● **Items listed in a dataset**
* * * * * * * * *
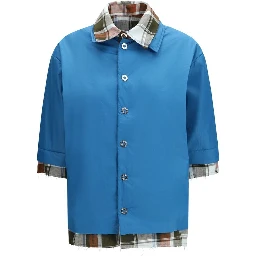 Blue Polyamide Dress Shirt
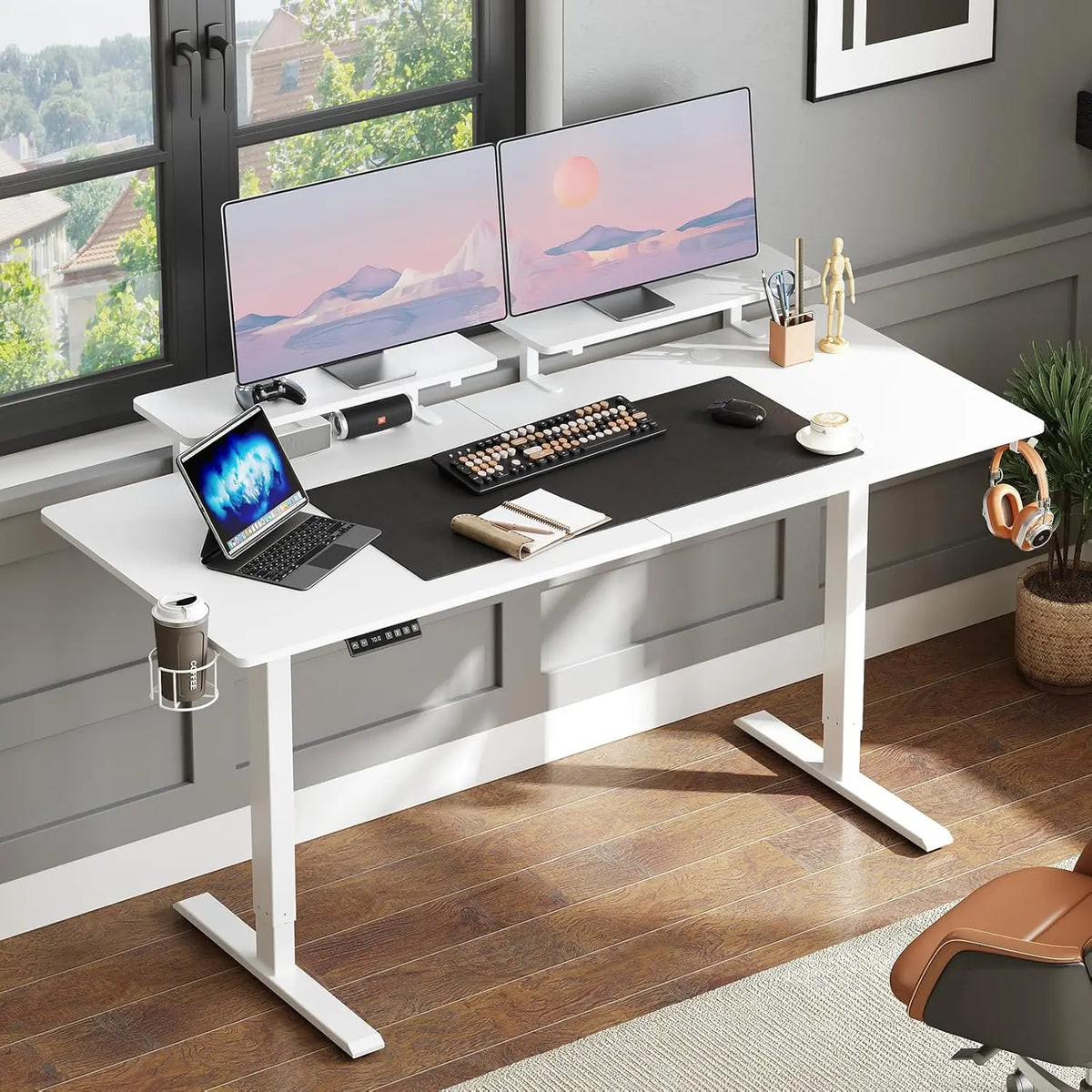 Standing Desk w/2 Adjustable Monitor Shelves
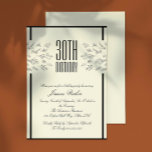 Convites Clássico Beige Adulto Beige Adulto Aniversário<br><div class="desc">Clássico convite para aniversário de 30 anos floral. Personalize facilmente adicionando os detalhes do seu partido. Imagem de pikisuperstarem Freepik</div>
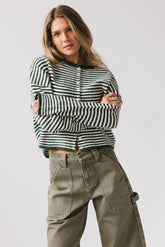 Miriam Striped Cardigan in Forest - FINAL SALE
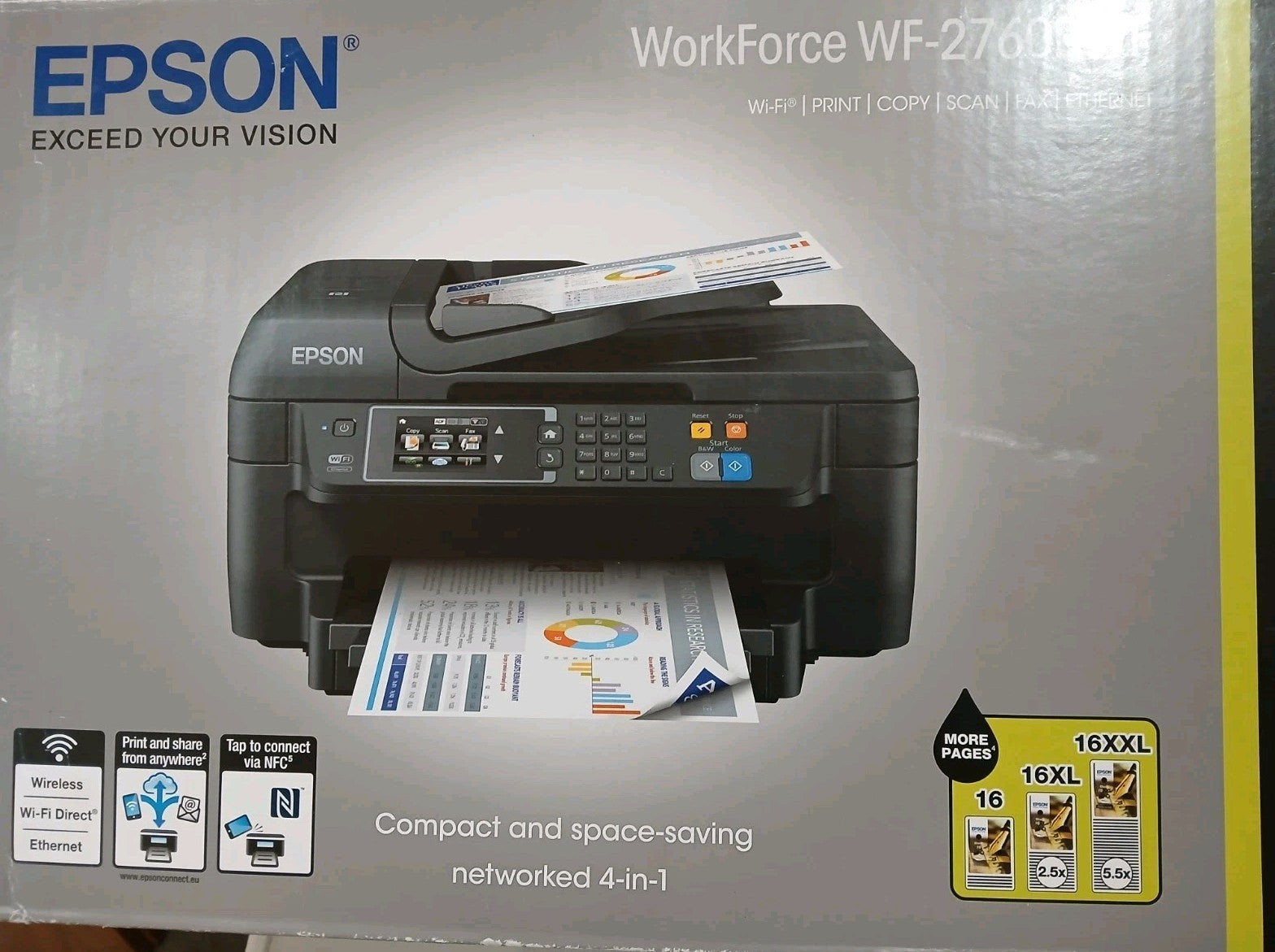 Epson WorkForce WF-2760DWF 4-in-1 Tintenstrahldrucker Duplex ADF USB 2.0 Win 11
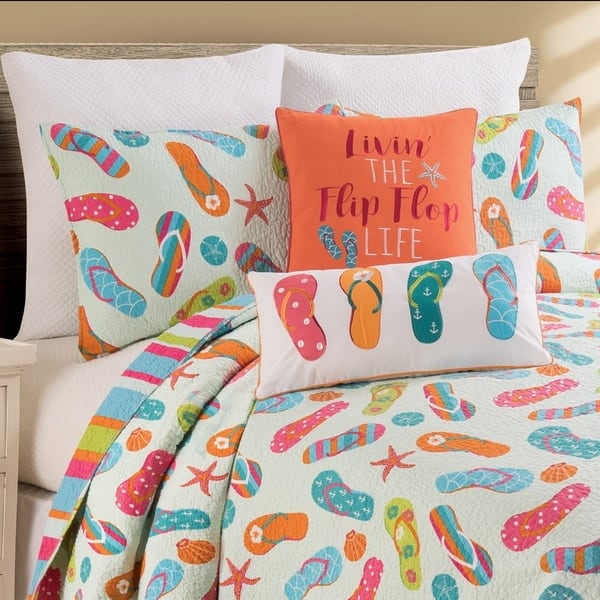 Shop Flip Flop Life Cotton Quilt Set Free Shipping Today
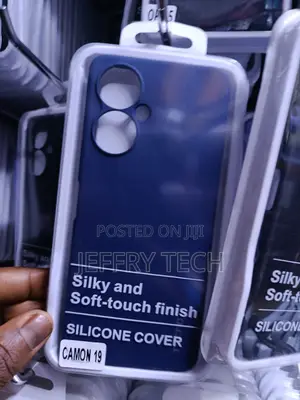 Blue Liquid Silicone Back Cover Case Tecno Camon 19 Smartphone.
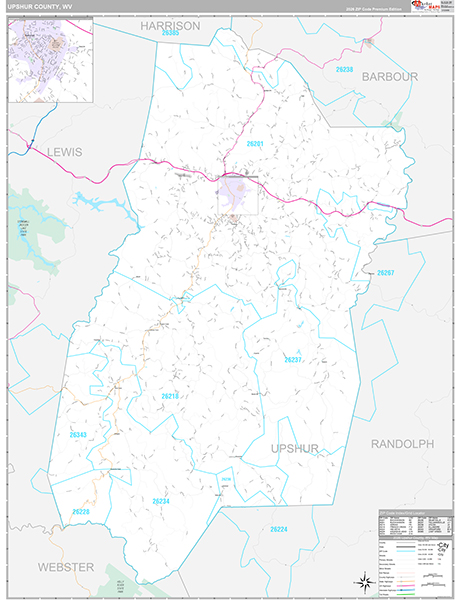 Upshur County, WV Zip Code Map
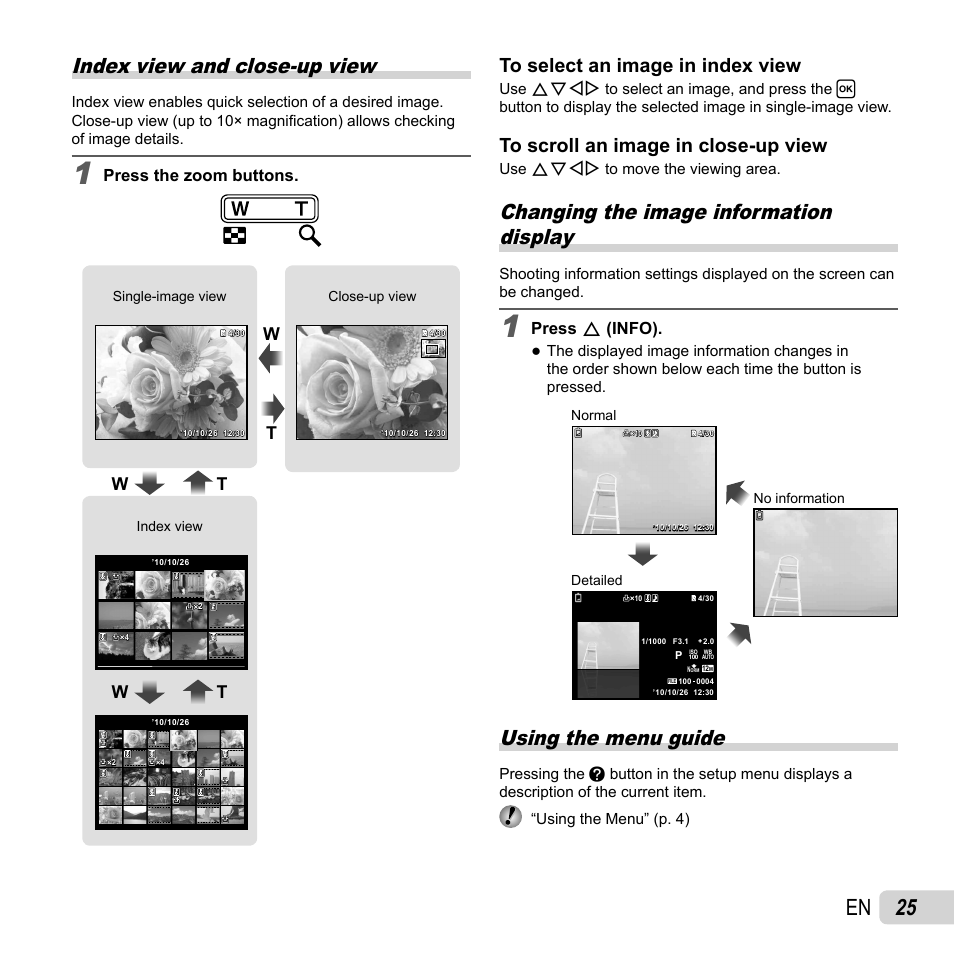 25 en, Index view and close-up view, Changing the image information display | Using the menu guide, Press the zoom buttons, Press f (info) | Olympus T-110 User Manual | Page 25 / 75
* * * * * * * * *
● **ASSIGNMENT**
In the records above, find the line containing "Blue Liquid Silicone" and the line containing "Upshur County, WV Zip Code Map", then give both of them again word for word along with every line between. Omit any pictures.

● **ANSWER SECTION**
 Blue Liquid Silicone Back Cover Case Tecno Camon 19 Smartphone.
 Upshur County, WV Zip Code Map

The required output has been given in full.